Most of the blame for Soraya’s fate rests with Ali and the lack of courage the village leaders exhibit by not standing-up to a man powerful enough to ruin their own lives if they cross him. The production notes point out that Nowrasteh wanted to make a film about injustice that could be understood universally, but his decision to focus on the way a person in power corrupts societal rules to achieve his own ends, rather than delve into the ways the un-balanced societal roles enforced by the restrictions of the sharia law the villagers practice make such injustices possible, leaves a hole in the moral subtext of the film.

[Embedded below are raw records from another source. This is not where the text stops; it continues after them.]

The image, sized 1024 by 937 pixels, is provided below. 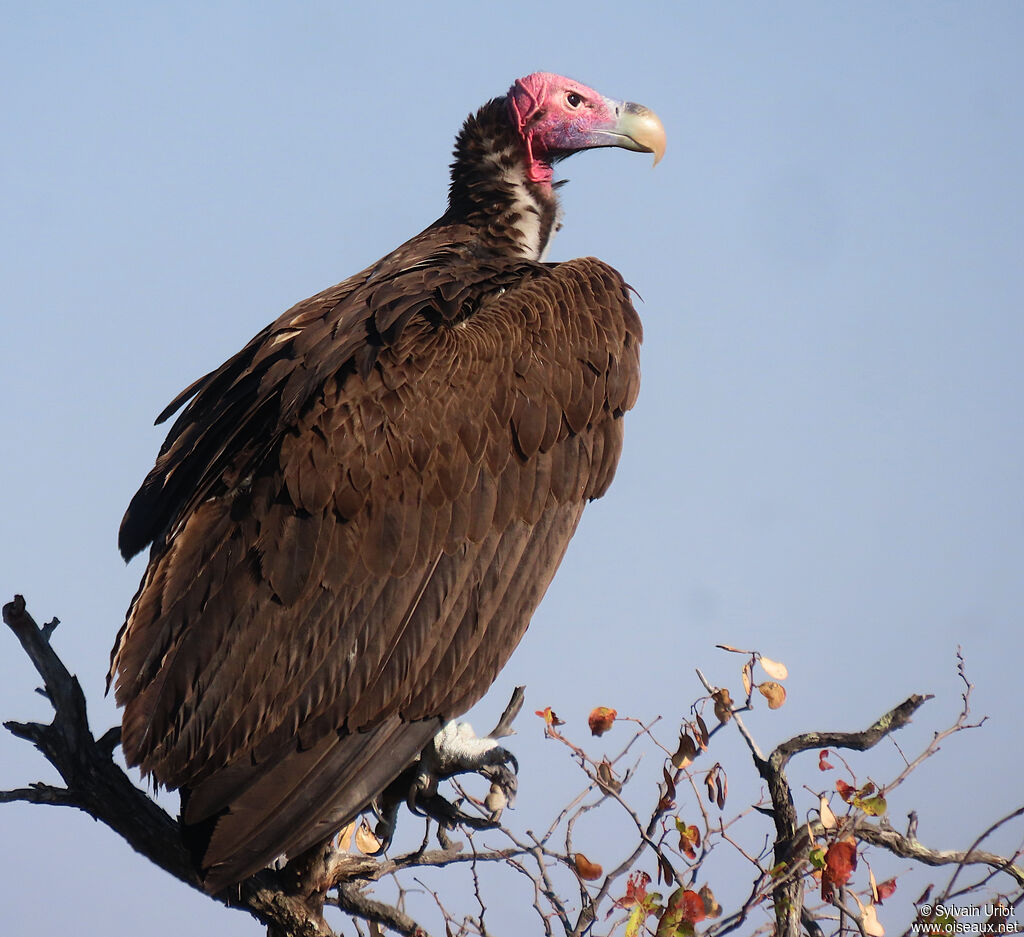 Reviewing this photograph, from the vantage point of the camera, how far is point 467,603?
185 inches

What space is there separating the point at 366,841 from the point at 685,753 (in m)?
1.26

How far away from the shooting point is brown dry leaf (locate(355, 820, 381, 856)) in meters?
4.70

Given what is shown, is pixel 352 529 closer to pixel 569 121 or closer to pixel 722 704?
pixel 722 704

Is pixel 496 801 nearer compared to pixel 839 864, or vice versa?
pixel 839 864

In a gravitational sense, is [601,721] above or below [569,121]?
below

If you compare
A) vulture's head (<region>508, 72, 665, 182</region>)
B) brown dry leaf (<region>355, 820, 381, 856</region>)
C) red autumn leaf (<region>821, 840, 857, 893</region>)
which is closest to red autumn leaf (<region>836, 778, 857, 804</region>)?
red autumn leaf (<region>821, 840, 857, 893</region>)

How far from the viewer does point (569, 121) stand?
6.40m

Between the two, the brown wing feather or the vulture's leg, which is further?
the vulture's leg

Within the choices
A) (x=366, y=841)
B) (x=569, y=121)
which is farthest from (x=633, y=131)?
(x=366, y=841)

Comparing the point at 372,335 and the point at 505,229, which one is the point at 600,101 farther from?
the point at 372,335

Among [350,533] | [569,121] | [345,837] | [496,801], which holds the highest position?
[569,121]

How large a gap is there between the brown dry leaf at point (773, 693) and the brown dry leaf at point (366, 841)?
1.46 meters

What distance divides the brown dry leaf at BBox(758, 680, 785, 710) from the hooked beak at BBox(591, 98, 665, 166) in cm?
296

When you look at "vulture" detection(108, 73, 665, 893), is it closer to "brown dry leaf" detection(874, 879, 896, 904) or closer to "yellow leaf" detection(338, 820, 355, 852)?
"yellow leaf" detection(338, 820, 355, 852) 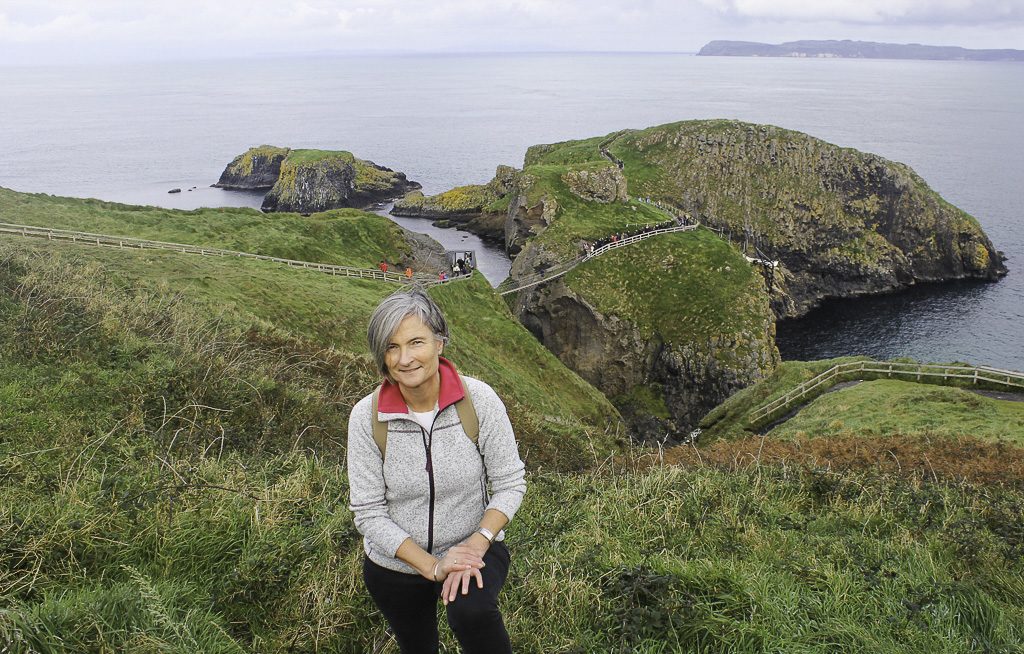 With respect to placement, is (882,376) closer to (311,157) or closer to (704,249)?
(704,249)

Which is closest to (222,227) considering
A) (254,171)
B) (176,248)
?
(176,248)

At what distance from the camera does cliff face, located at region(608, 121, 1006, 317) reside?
7162 centimetres

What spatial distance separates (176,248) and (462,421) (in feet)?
113

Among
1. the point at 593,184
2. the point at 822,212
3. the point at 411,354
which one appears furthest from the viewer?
the point at 822,212

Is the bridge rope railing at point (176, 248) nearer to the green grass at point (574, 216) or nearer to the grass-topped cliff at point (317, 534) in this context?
the green grass at point (574, 216)

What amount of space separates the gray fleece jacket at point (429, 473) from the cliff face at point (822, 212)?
69.2 metres

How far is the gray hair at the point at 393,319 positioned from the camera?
366 centimetres

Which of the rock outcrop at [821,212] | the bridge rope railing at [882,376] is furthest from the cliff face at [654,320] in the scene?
the rock outcrop at [821,212]

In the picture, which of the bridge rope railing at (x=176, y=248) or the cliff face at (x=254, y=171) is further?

As it stands, the primary injustice is that Soraya was falsely convicted, not that a woman can be stoned for falling asleep in another man’s home or that the man involved escapes any punishment, an idea which should be abhorrent even if the accusations were true. The emphasis on just a few characters (especially on Zahra as the only truly heroic villager) means the participation of the rest of the town in the act comes off as simply the product of mob-induced frenzy. Getting to know the rest of the villagers and their actual views on morality and punishment would probably have created a much richer context for the eventual tragedy.
Still, while these issues may prevent The Stoning of Soraya M. from being a truly great film, that doesn’t mean it isn’t a good one. As well as revealing an atrocity that often happens in areas obscured from the outside world’s awareness, the movie is at times visually compelling, whether during the striking shots of the hilly landscape surrounding the secret Arabian location where it was filmed, or the harder-to-watch moments as Soraya is turned into a bloody corpse in the bright light of the midday sun.
The acting is solid across the board and despite the generally careful tone there are daring moments, like the surreal (and apparently historically accurate) arrival in the village of a traveling circus just moments before Soraya’s sentence is carried out, that for the most part succeed.
The DVD extras include a “making of” documentary that will be of interest to anyone looking to know more about this particular stoning or the oppression of women in general. It also details some of the hardships the American producers had making a movie in Farsi, featuring Iranian actors, and filmed in a remote Arabian location. Overall, the cast and crew have surmounted the obstacles they encountered and made a simple but mostly effective movie about a subject that is, unfortunately, all-too-relevant.